Virginia Social Media Law Takes Effect Amid Lawsuit

With a complex web of state-level social media laws emerging and data privacy regulations becoming more granular, businesses are navigating a treacherous legal and technical landscape. To shed light on these challenges, we spoke with Donald Gainsborough, a leading expert in policy and legislation from Government Curated. He breaks down the real-world implications of these new rules, from the murky definition of “selling” data through cookies to the practical headaches of implementing user privacy choices across different devices. We will explore the friction between legal requirements and technological reality, the ongoing battles over what constitutes a “necessary” cookie, and what the future holds for digital regulation.

Virginia’s new social media law has taken effect while also facing a legal challenge. What are the core requirements of this law for platform operators, and how does the ongoing legal fight create uncertainty for them? Could you walk me through the practical compliance steps a company takes?

This situation is a classic case of being caught between a rock and a hard place. The law is active, so companies must comply now, but the pending legal challenge means the rules could evaporate or change entirely. For operators, this creates a significant cloud of uncertainty over their investments in compliance. The core of the law requires them to implement robust data privacy frameworks, but the real work is in the details. A company’s first step is a comprehensive data audit to map every piece of user information they collect and share. Then, they have to re-engineer their user interface to present clear, accessible privacy choices, like the cookie banners we see everywhere. This is a costly and resource-intensive process, and the lingering lawsuit means all that effort could be for nothing, or worse, need a complete overhaul in six months. It’s a frustrating, high-stakes waiting game.

Many platforms use cookies for advertising, which can be defined as a “sale” of personal data. Given new state-level regulations, how are companies navigating this definition to stay compliant? Please provide a step-by-step example of how they might adjust their data collection and consent processes.

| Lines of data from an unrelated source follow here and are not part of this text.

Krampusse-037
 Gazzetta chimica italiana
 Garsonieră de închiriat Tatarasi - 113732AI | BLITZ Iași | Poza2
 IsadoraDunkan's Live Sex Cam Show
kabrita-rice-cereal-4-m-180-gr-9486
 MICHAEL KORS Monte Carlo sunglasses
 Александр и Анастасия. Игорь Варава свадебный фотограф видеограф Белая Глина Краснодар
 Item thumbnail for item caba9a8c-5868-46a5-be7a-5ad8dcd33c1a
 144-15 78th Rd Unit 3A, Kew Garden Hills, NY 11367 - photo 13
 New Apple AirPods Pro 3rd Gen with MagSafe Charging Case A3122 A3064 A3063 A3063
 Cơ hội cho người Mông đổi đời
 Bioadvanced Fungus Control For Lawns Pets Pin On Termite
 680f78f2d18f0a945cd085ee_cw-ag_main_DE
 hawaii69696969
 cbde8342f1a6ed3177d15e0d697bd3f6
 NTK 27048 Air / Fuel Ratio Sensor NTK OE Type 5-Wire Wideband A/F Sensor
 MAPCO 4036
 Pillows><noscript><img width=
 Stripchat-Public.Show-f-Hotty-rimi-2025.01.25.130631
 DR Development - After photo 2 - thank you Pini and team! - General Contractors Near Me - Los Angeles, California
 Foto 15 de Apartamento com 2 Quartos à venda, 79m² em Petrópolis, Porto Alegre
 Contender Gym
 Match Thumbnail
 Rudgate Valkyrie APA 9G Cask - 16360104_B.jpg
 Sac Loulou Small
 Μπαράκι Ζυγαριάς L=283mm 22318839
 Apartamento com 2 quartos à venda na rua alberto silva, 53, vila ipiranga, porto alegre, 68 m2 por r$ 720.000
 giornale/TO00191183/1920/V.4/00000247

The key shift is that “sale” no longer just means a cash transaction; it’s about receiving any kind of value for sharing data, which squarely includes the benefits of targeted advertising. Companies are scrambling to adjust. The first step is always a deep-dive audit to classify all tracking technologies—identifying every third-party cookie from advertising partners. Next, they re-architect the user consent flow. Instead of a simple “accept” button, they must present a clear choice, often with a toggle switch, explicitly stating that opting out prevents the “sale” of personal information. The third, and most critical, step is ensuring the technology actually honors that choice. When a user toggles “off,” a signal must be sent to their advertising partners to halt the sharing of that user’s data. It’s a complex technical handshake that has to work flawlessly every time to maintain compliance.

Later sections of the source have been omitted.